Since the average dieter puts back on his weight with interest, the best approach is to change eating habits. Even if the results are not as dramatic, they are more likely to be permanent. Once again, a gracious approach is the better approach.
The federal government has particularly taken a vindictive tone. Uncle Sam’s attempts to nail whistleblower Edward Snowden appears to be a case of vindictiveness. His revelation about the degree of government surveillance (to the point of invasion of privacy) can be viewed as a security issue, but it can more easily be viewed as a Bill of Rights issue.

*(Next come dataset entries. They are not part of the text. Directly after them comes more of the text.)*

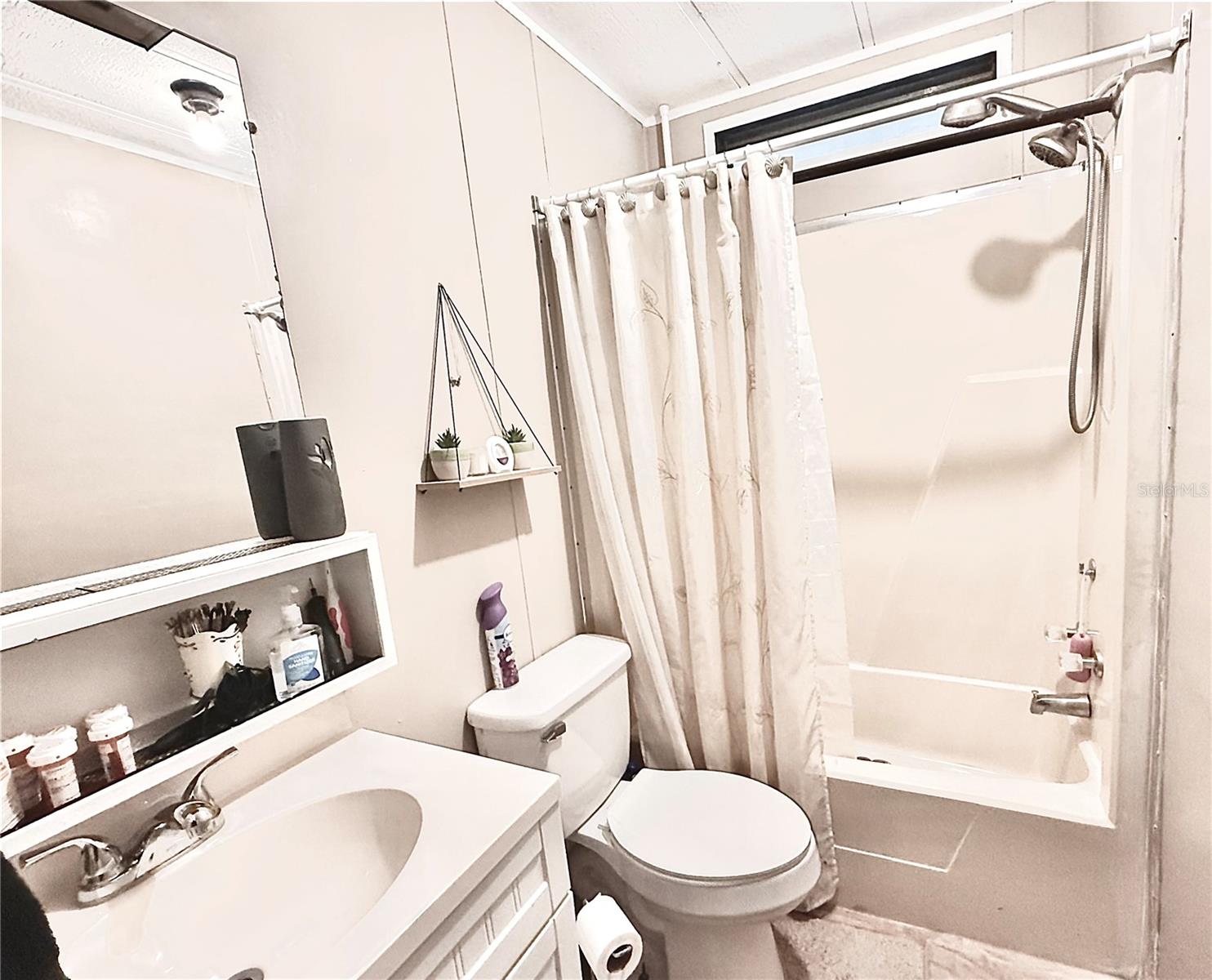 CINNAMON RIDGE - Residential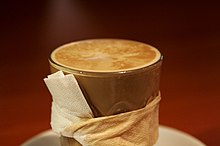 A cafe Latte Latte.jpg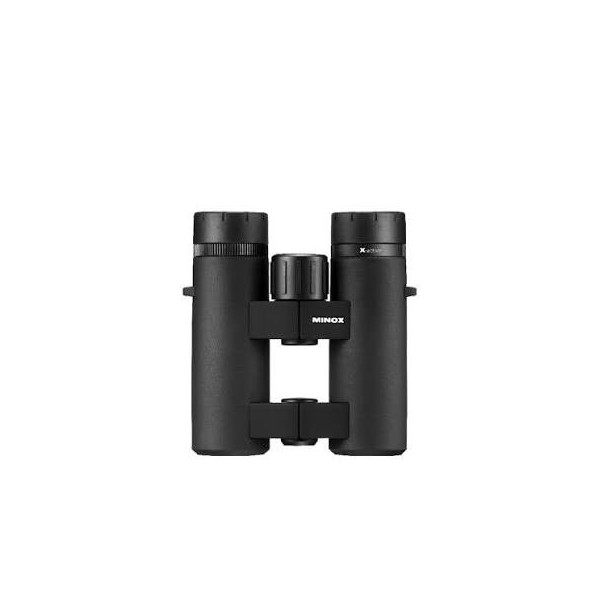 MINOX X-ACTIVE 8X33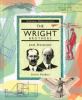 The Wright brothers and aviation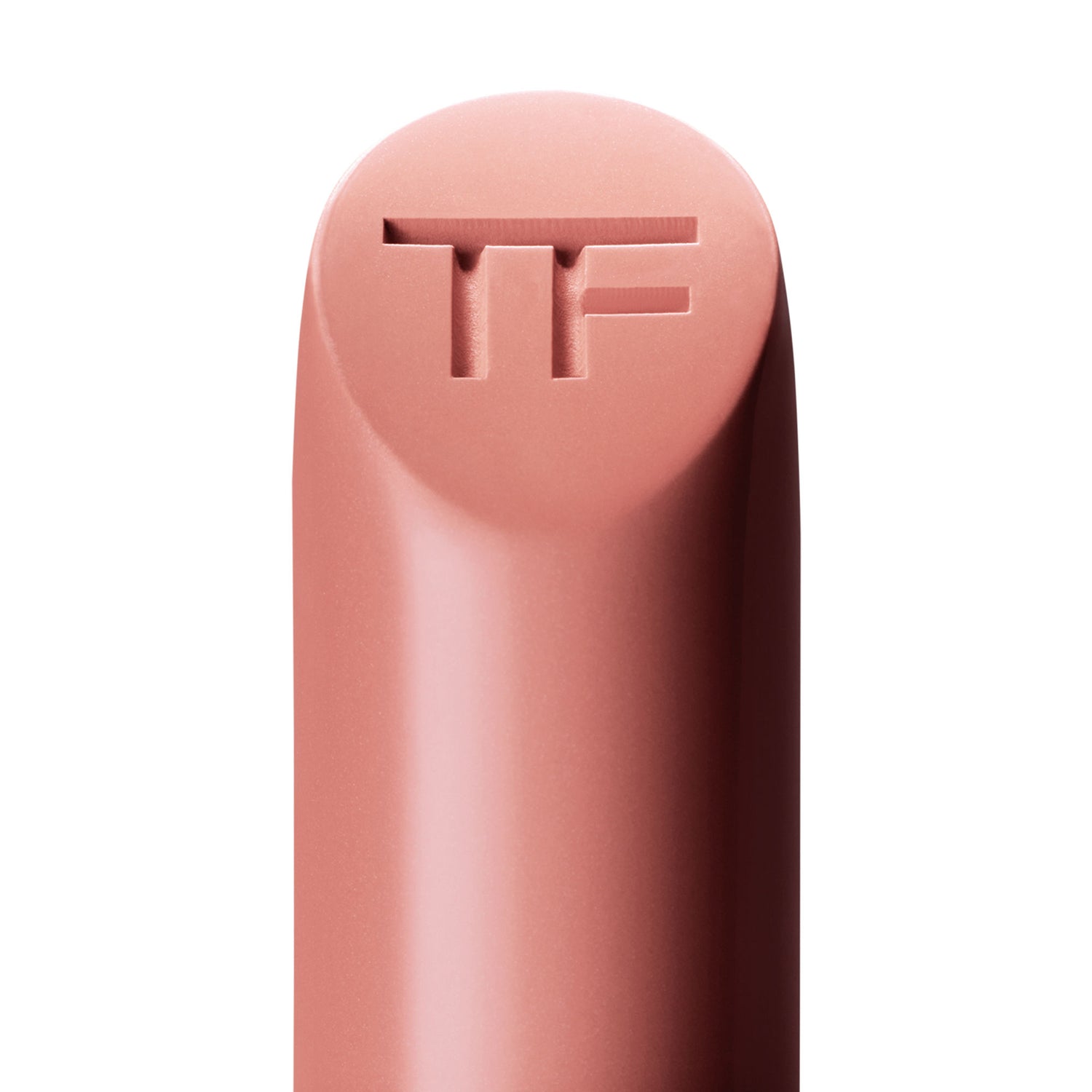 Swatch image of Tom Ford Runway Lip Color with 12 Hour Longwear variant: Spanish Pink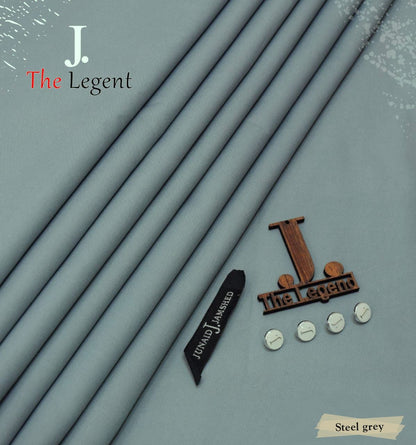 j.Junaid Jamshed MEN’S* Four | Season Collection [ 25 ] Wide Range Of Colour Available Quailty Premium Boski Wash and wear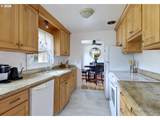 415 116TH Pl - Photo 9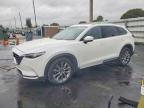 MAZDA CX-9 2018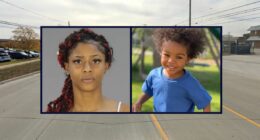 Babysitter who threw toddler into wall guilty of murder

According to UPI, “Apple Computer co-founder Steve Wozniak says he admires Edward Snowden, the man who blew the whistle on U.S. monitoring of citizens ... . Wozniak admitted he’s bothered that technologies he helped develop have made such activities possible.
“‘... We created the computers to free the people up, give them instant communication anywhere in the world; any thought you had, you could share freely ... . We didn’t realize that in the digital world there were a lot of ways to use the digital technology to control us, to snoop on us ... .”
Snowden, as of this date, was visiting Russia while our government was demanding the Russians hold him. Will our government be gracious to Snowden (whom many view as a patriot), or will it make an example of him to intimidate other possible whistleblowers? We’ll find out!